GOAL OF THE EXERCISE ->
The response must consist of the lines from the one holding "Schumer bizarrely claims" through the final line of the entries, given again exactly and without any pictures.

○ ○ ○ ○

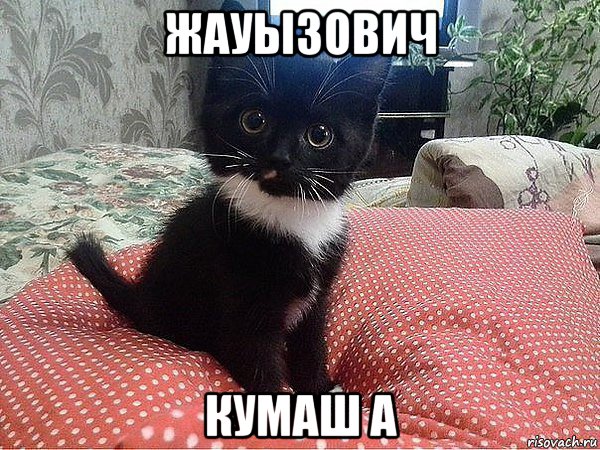жауызович кумаш а, Мем Мое лицо
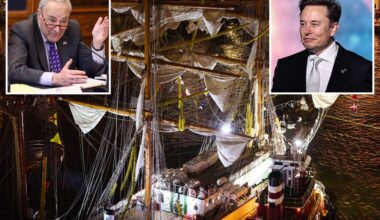 Schumer bizarrely claims DOGE could have been partly to blame for Mexican ship's deadly Brooklyn Bridge mishap
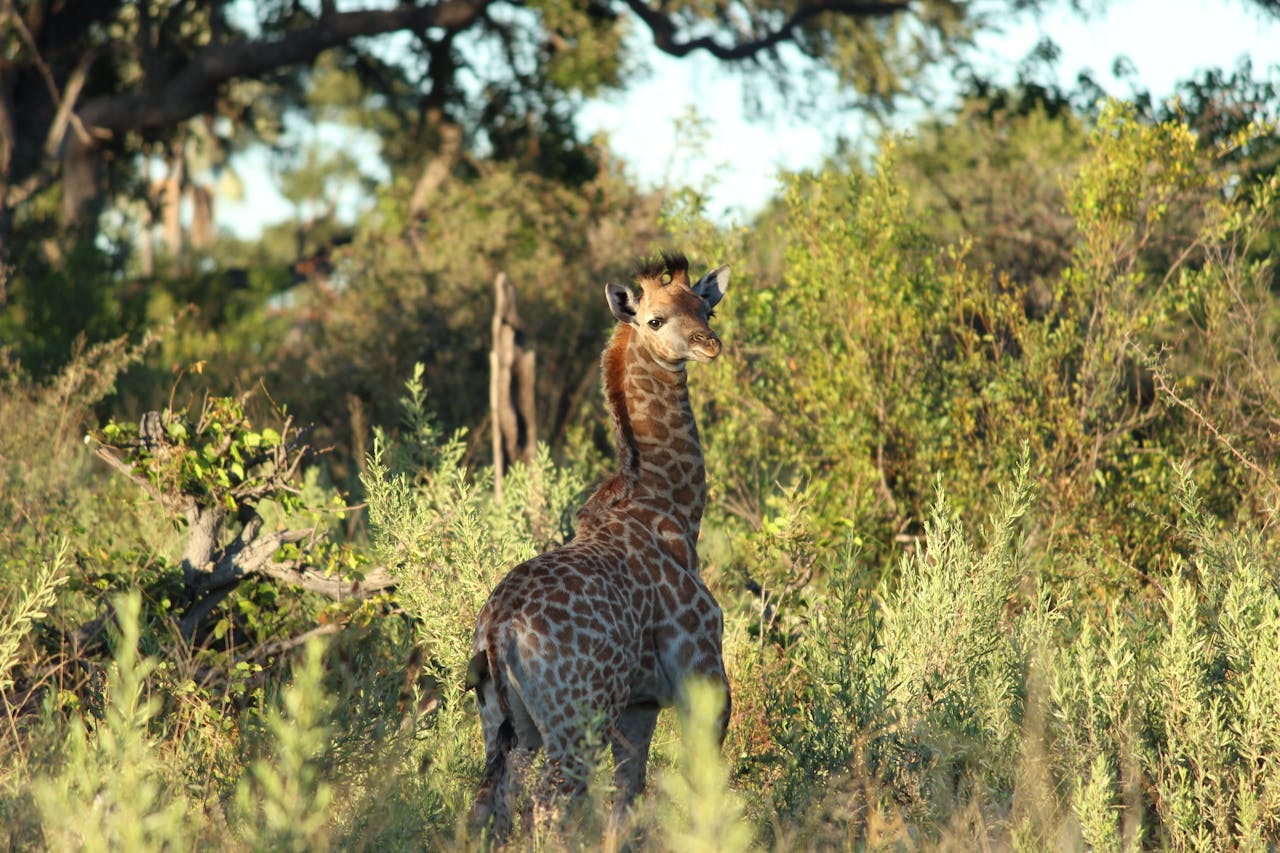 Simakade Okavango Giraffe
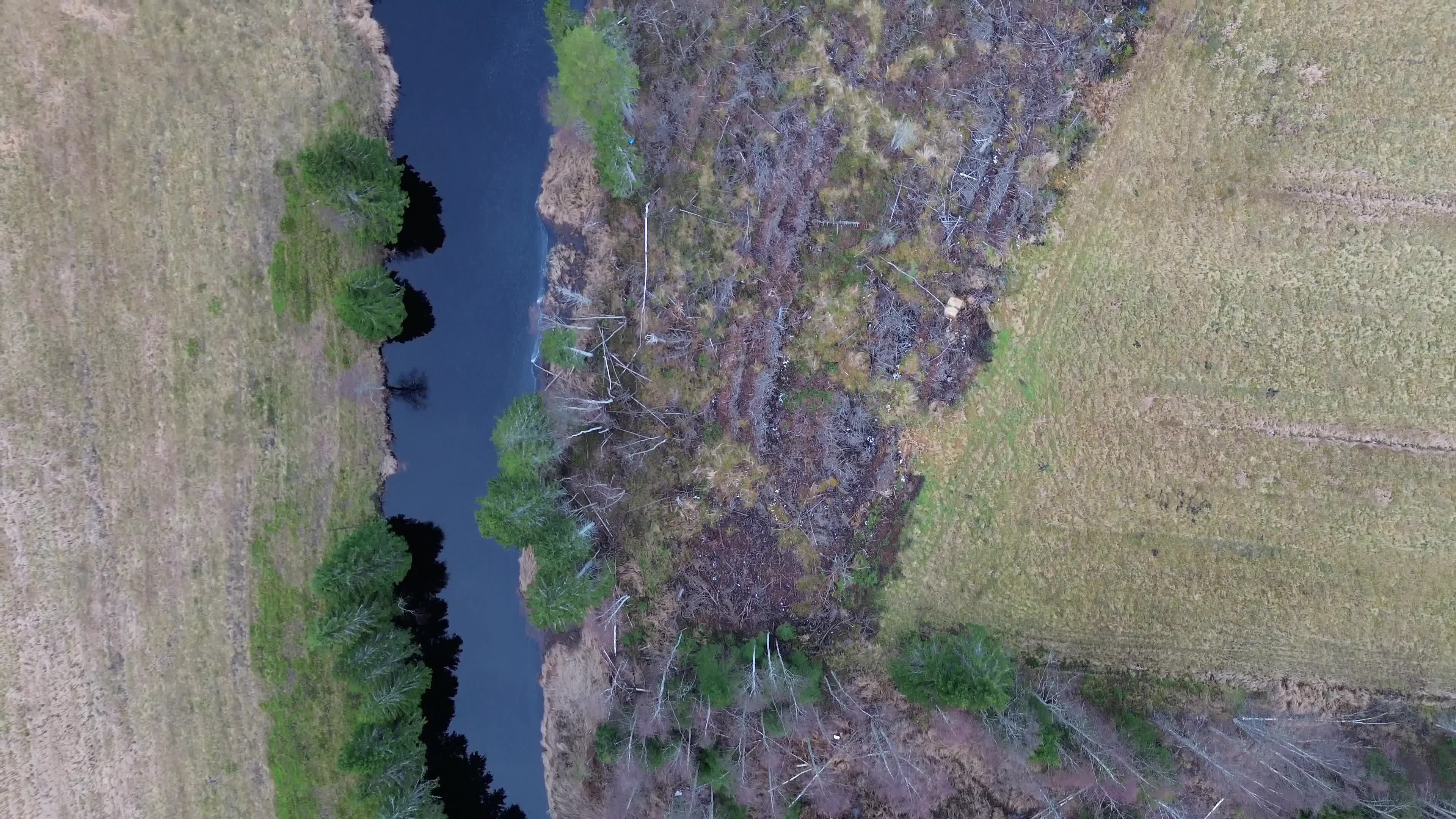 Video by SALAR ♛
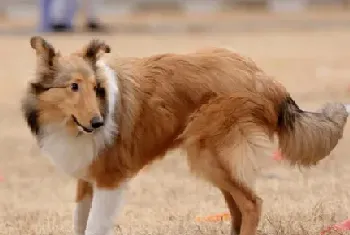 喜乐蒂犬的智商(该犬智商排名在第6位)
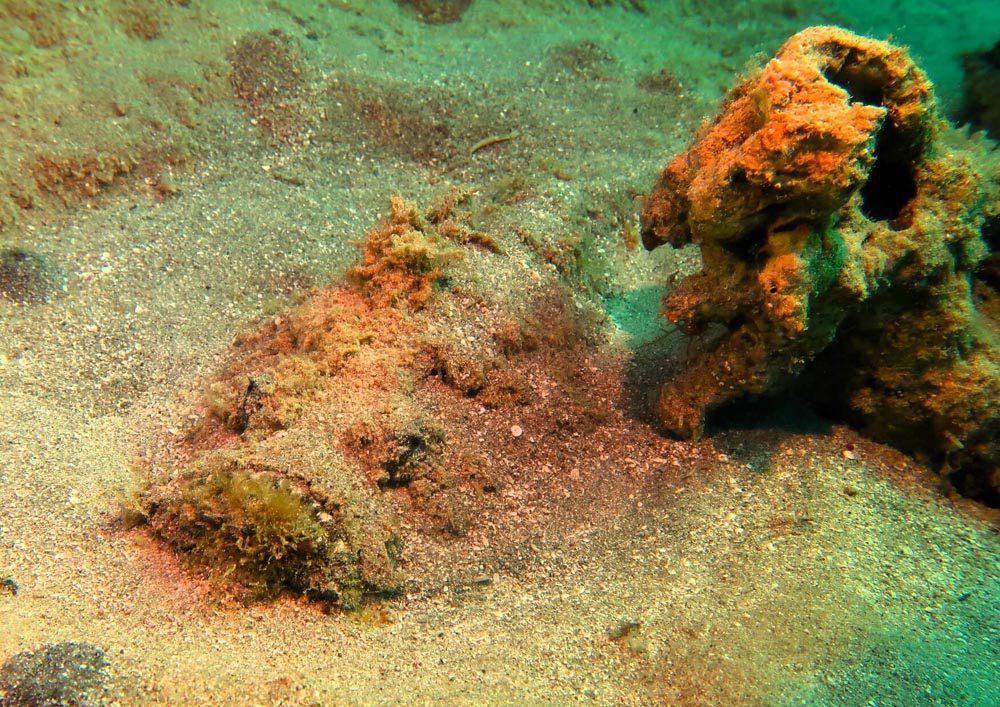 Tauchschule-Kroll_Bilder-42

○ ○ ○ ○

EXERCISE ANSWER ->
 Schumer bizarrely claims DOGE could have been partly to blame for Mexican ship's deadly Brooklyn Bridge mishap
 Simakade Okavango Giraffe
 Video by SALAR ♛
 喜乐蒂犬的智商(该犬智商排名在第6位)
 Tauchschule-Kroll_Bilder-42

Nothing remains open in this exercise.